Hamza tuvo mala suerte al embarcar en la patera maldita de los Caños, pero ha tenido una gran fortuna al encontrarse en su camino a Ester Blázquez, una joven de 26 años que cuando conoció su historia no lo dudó. “En mi familia no sobra el dinero, tengo dos niños pequeños, uno de tres años y otro de uno, pero del tirón comenté que no le iba a faltar un plato de comida nunca ni un techo bajo el que dormir”.
Ahora, la implicación de Ester y de la Red de Acogida de El Puerto ha hecho posible incluso pensar en sacar unos billetes de avión para que Hamza pueda ir a visitar a su familia próximamente y Ester irá con él. Esta vez su viaje hacia su tierra y la de regreso hacia España, ya que cuenta con permiso de residencia y está empadronado ya en la casa de Ester, será muy diferente a la que vivió hace un año. “A Hamza le hace mucha ilusión poder ir a ver a su familia, que vean qe está bien”, cuenta Ester mientras caminamos por las calles de El Puerto en dirección a la ribera del Guadalete.
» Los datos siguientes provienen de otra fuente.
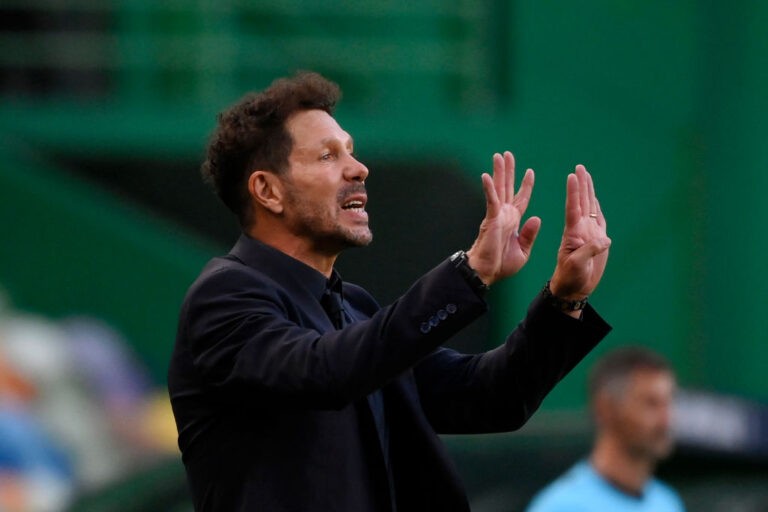 Simeone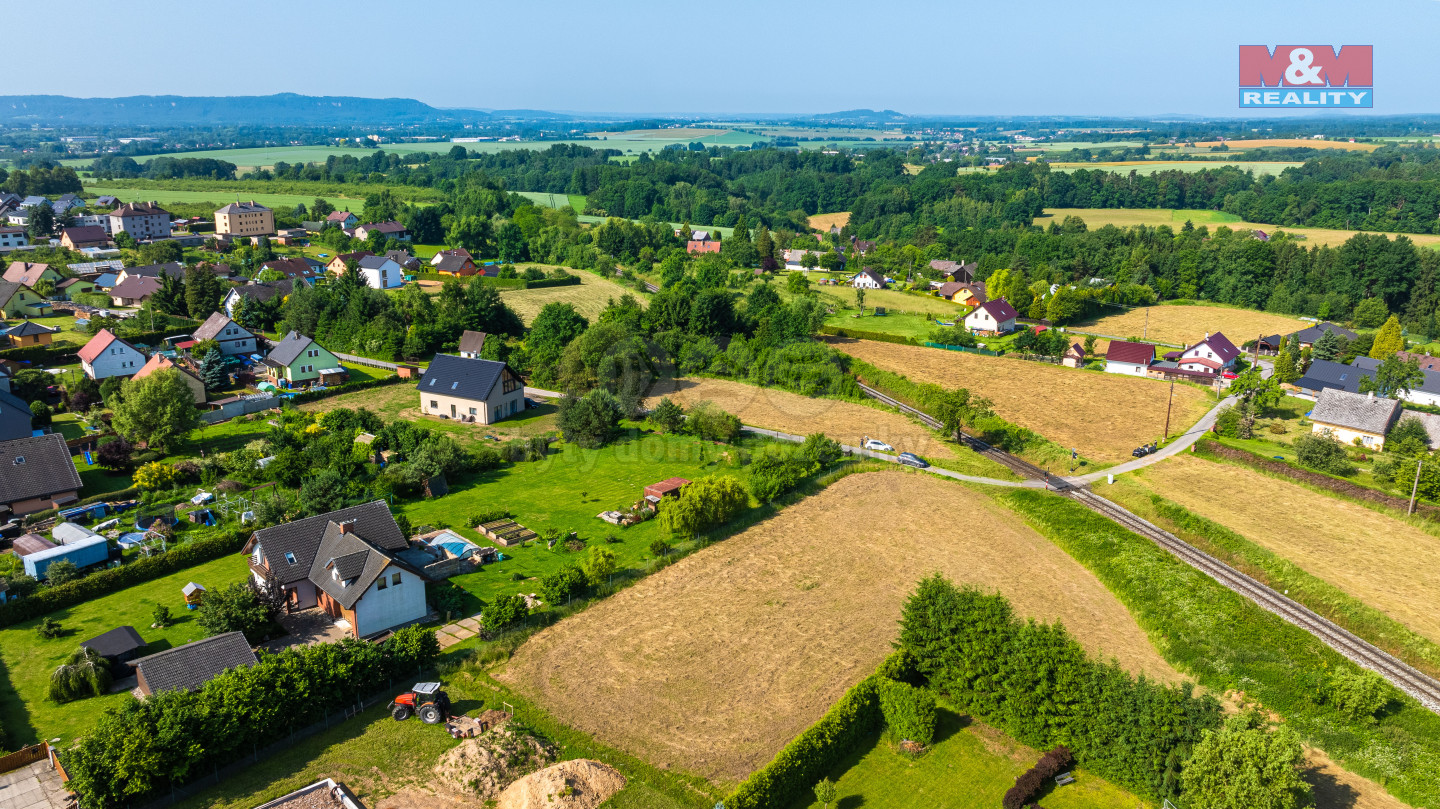 DJI_0364-HDR.jpg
Hamza no es el único chico que está tutelado por la Red de Acogida de El Puerto. Hay otros 13 que viven con 12 familias de esta asociación que hace una labor espectacular. Lola Barberán fue una de las personas que más trabajó para que Hamza pudiera recalar en El Puerto junto a Ester y su familia, donde ha encontrado el afecto tan necesario para comenzar esta nueva aventura lejos de su tierra y de los de su sangre.